Assigned task:
Precisely the lines from the one with "Classic Weaving Zari" through the end of the data, both included, must make up the response, each restated word for word.

(Dataset records)

══════════════════════════════

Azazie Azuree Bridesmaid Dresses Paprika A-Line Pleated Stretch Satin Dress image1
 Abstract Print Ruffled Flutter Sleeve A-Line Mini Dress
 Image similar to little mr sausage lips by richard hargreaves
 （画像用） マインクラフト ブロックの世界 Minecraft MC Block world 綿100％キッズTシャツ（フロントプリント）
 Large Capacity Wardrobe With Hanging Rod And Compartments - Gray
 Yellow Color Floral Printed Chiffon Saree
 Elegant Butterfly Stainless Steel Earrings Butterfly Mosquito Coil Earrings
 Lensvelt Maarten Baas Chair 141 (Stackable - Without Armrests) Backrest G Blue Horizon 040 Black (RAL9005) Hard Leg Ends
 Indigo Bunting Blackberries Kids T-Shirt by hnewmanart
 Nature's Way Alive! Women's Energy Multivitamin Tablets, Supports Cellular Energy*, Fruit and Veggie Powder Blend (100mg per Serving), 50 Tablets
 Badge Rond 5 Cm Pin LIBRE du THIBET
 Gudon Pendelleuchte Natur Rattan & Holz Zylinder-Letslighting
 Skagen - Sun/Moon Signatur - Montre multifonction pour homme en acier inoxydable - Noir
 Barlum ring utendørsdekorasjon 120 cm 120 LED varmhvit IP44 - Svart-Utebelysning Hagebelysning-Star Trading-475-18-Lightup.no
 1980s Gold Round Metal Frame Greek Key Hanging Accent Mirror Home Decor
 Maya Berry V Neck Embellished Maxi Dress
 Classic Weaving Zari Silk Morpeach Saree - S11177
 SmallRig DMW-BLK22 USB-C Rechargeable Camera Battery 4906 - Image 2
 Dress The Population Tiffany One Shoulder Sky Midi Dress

══════════════════════════════

Exercise result:
 Classic Weaving Zari Silk Morpeach Saree - S11177
 SmallRig DMW-BLK22 USB-C Rechargeable Camera Battery 4906 - Image 2
 Dress The Population Tiffany One Shoulder Sky Midi Dress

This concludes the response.